START Given data
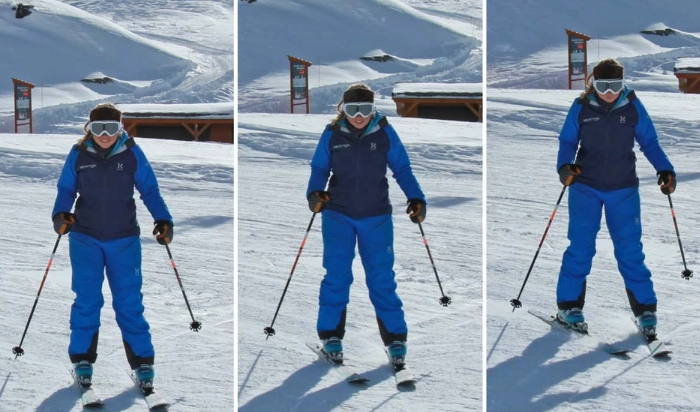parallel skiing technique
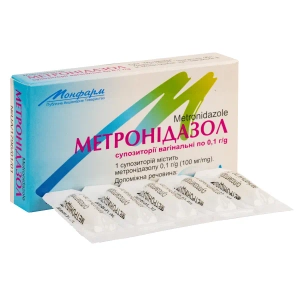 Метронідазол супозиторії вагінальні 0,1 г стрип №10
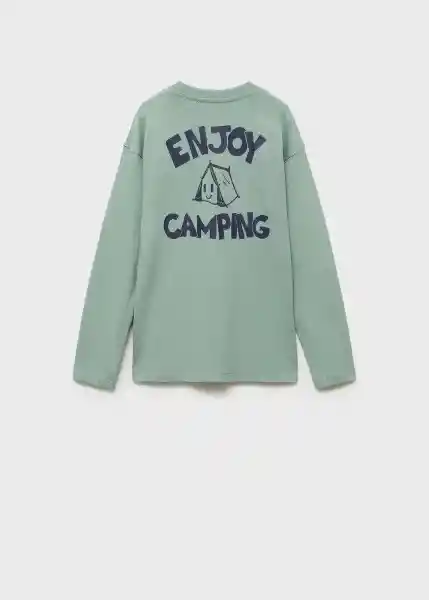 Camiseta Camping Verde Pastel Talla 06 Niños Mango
END Given data
START Given data
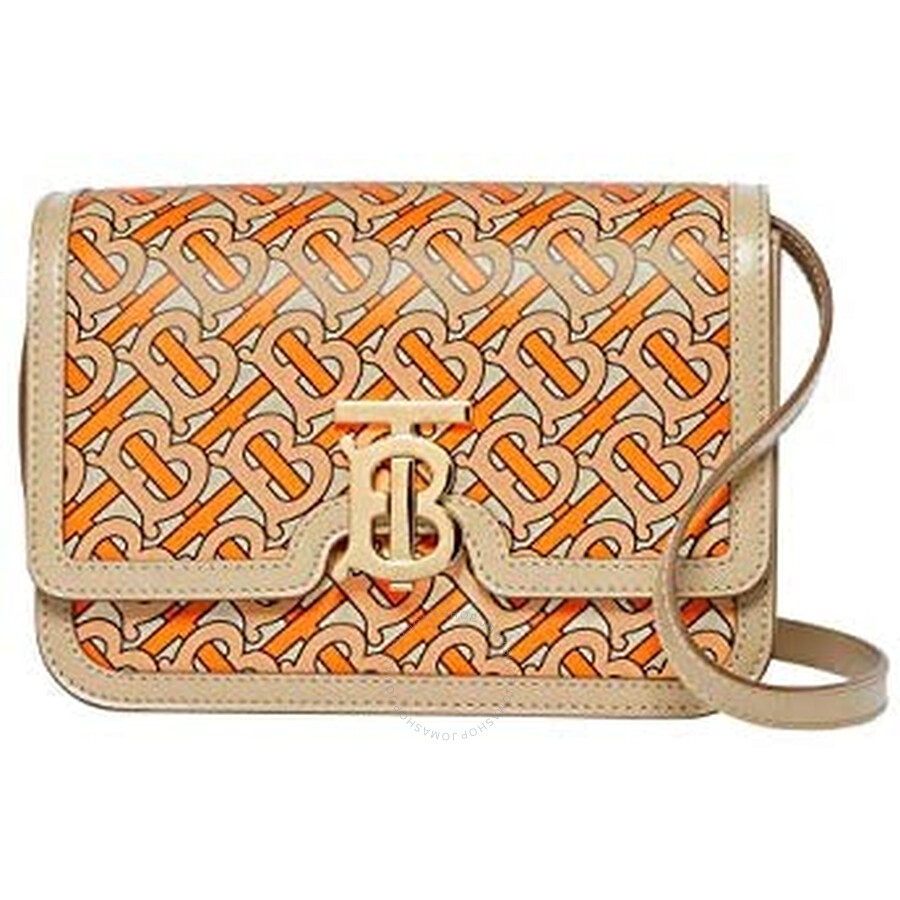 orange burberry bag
END Given data
START Given data
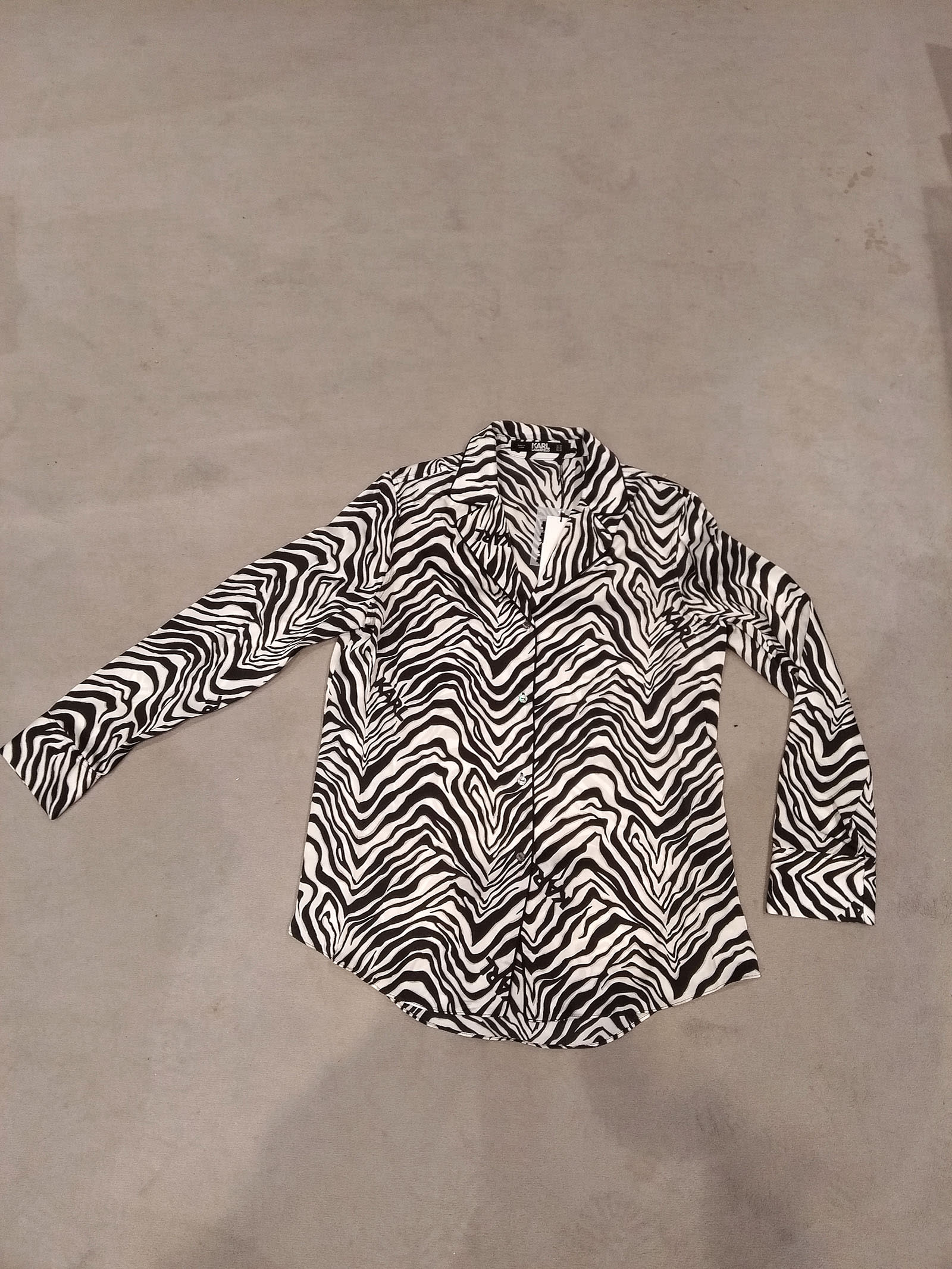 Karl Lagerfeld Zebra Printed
END Given data
## Problem details
Write out, word for word, the stretch of entries that begins at the line with "Метронідазол супозиторії вагінальні" and ends at the line with "Camiseta Camping Verde". Pictures do not belong in it.

## Exercise result
 Метронідазол супозиторії вагінальні 0,1 г стрип №10
 Camiseta Camping Verde Pastel Talla 06 Niños Mango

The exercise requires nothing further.